Margaux Eskenazi : Depuis longtemps, je souhaitais mener un travail de recherche sur le judaïsme en France et sa diaspora. Il y a environ un an, Christophe Rauck m’a proposé de travailler avec la Belle troupe des Amandiers. Je me suis alors dit que c’était le moment de lancer ce nouveau cycle autour de l’œuvre d’Imre Kertesz (prix Nobel de littérature). Ce spectacle est construit à partir de quatre de ses récits : Être sans destin, Kaddish pour l’enfant qui ne naîtra pas, Le Refus et Dossier K. Il ne s’agit pas de questionnement identitaire car Imre Kertész lui-même n’est ni croyant ni pratiquant bien qu’il ait grandi dans une famille traditionnaliste. Mais tout au long des quatre œuvres que nous traversons, il s’interroge sur comment raconter cette expérience fondamentale, celle de sa déportation. Ce qui résonne très fort pour nous aujourd’hui est qu’il comprend l’Holocauste, comme le produit même des idéologies du XXème siècle en Europe, du libéralisme et du capitalisme qui ont façonné ce continent.

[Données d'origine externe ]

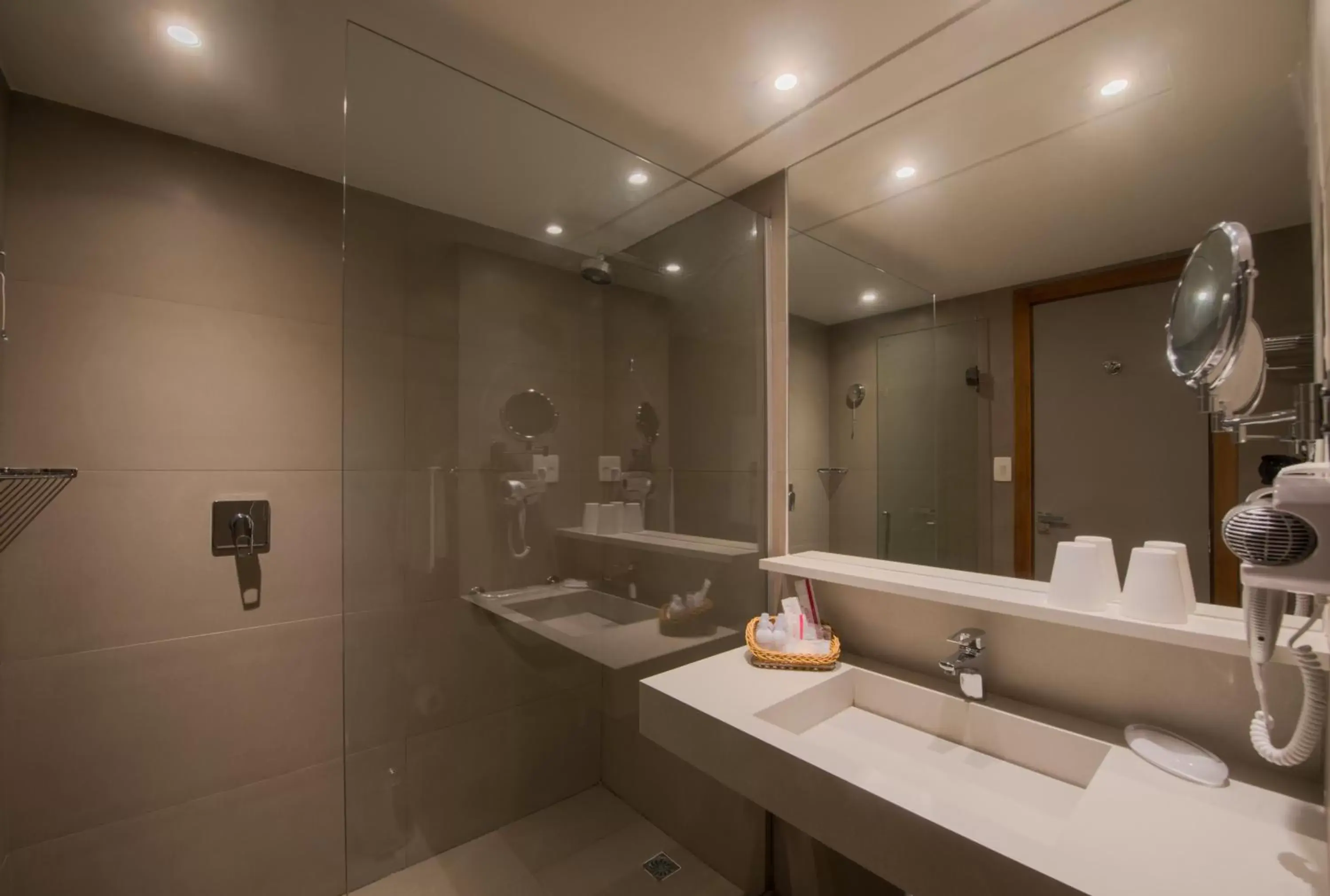 Shower, Bathroom in Costa Mar Recife Hotel by Atlantica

C’est une pensée très contemporaine. Quel récit faire de son expérience ? Quelle poétique inventer ? Ce sont ces questions centrales qu’il nous invite à traverser : entre littérature et réflexions sur la littérature en train de se fabriquer.

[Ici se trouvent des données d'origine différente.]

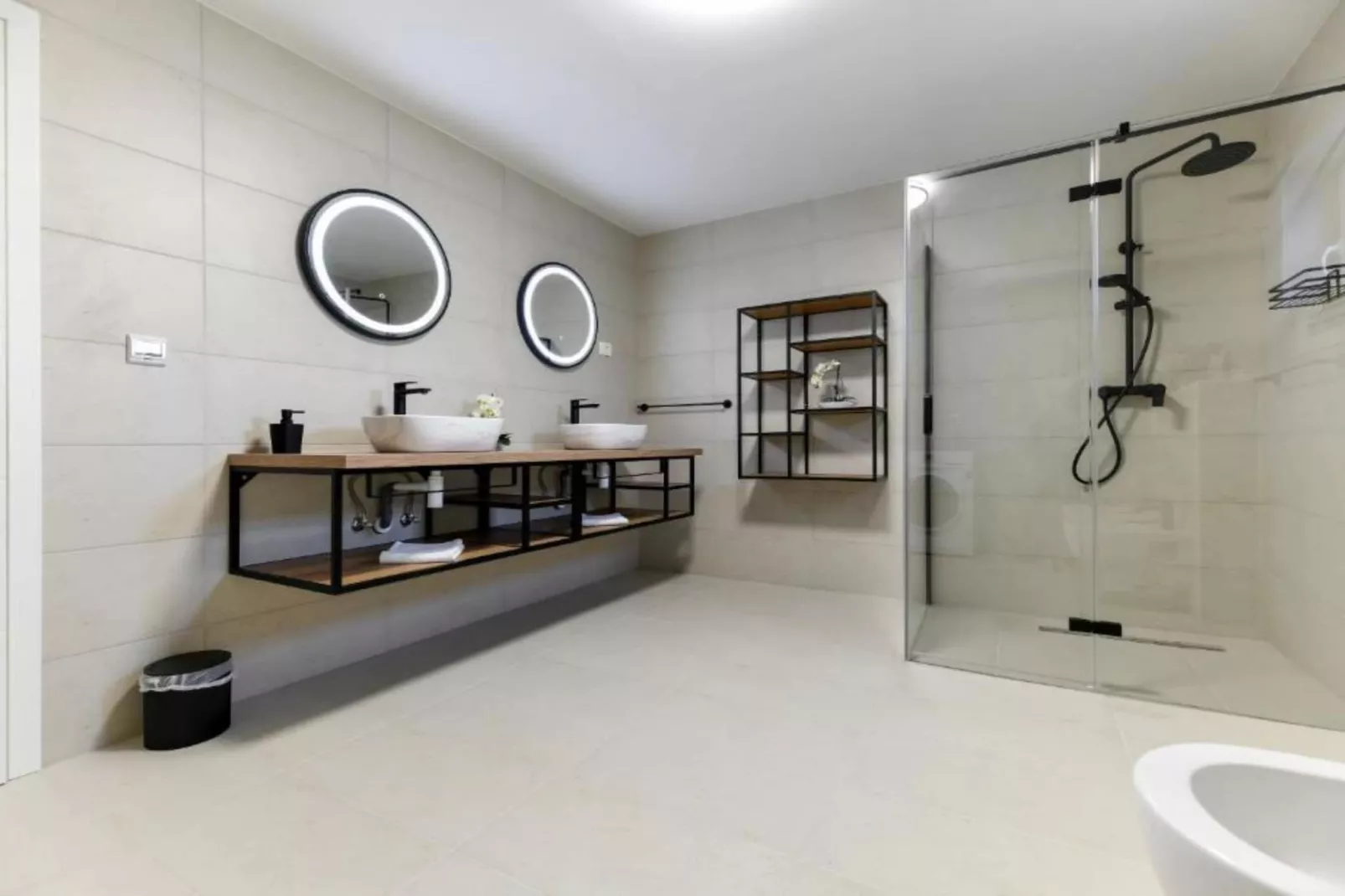 Four Bedroom Villa With Hot Tub-Salle de bain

Les répétitions ont commencé le lundi 16 octobre, environ dix jours après l’attaque du 7 octobre par le Hamas au sud d’Israël, les otages et la riposte israélienne avec les bombardements à Gaza. La création de ce spectacle est totalement imprégnée par ces « évènements ». La langue, la poésie, la spiritualité de Kertész nous fait dialoguer sans cesse avec le présent. C’est une voix précieuse, une voix de la paix, nécessaire.